Aim of the exercise: Required from the data below: the exact lines starting at the line containing "Whitetail Deer Fawn" and ending at the line containing "BMW R1250GS [Add-On | FiveM] for GTA 5", with both ends kept and all pictures dropped.

Material provided:
--- --- ---

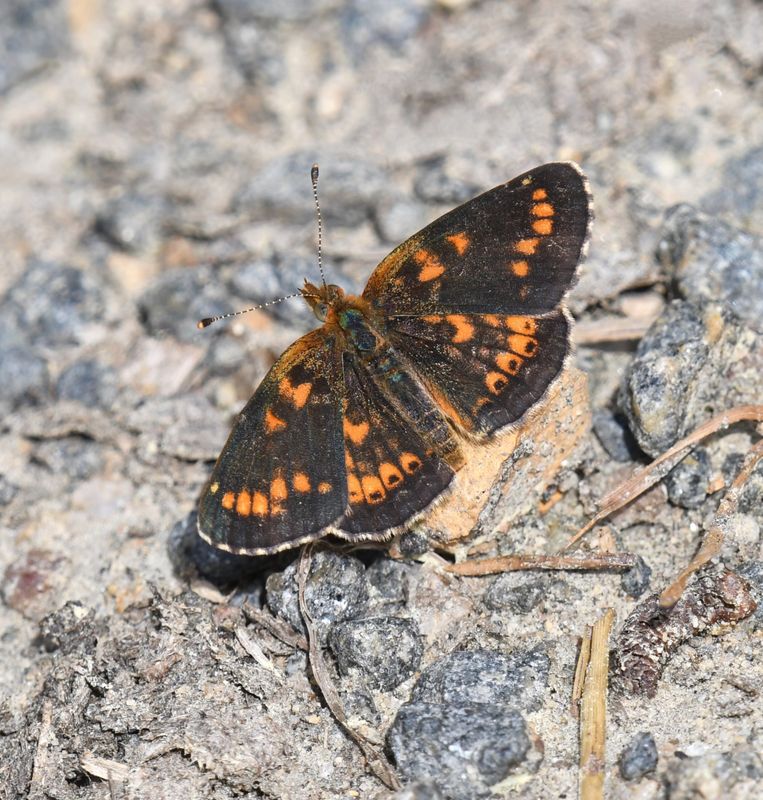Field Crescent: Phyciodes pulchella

--- --- ---

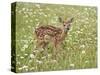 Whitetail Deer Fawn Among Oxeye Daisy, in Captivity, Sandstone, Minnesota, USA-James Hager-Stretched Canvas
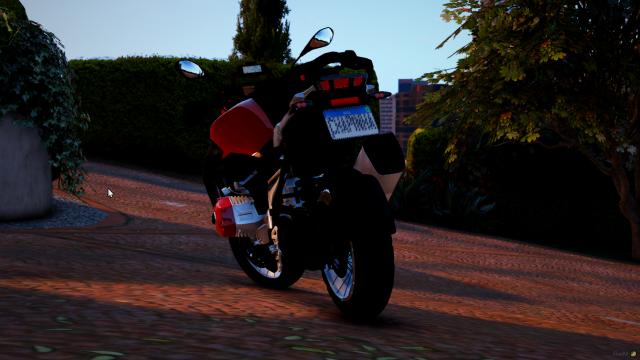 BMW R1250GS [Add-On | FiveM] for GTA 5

--- --- ---

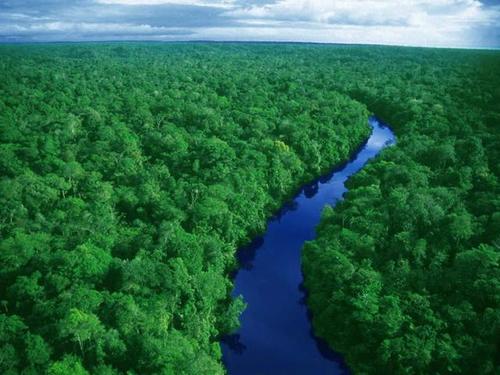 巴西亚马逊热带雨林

--- --- ---

Solution for this exercise:
 Whitetail Deer Fawn Among Oxeye Daisy, in Captivity, Sandstone, Minnesota, USA-James Hager-Stretched Canvas
 BMW R1250GS [Add-On | FiveM] for GTA 5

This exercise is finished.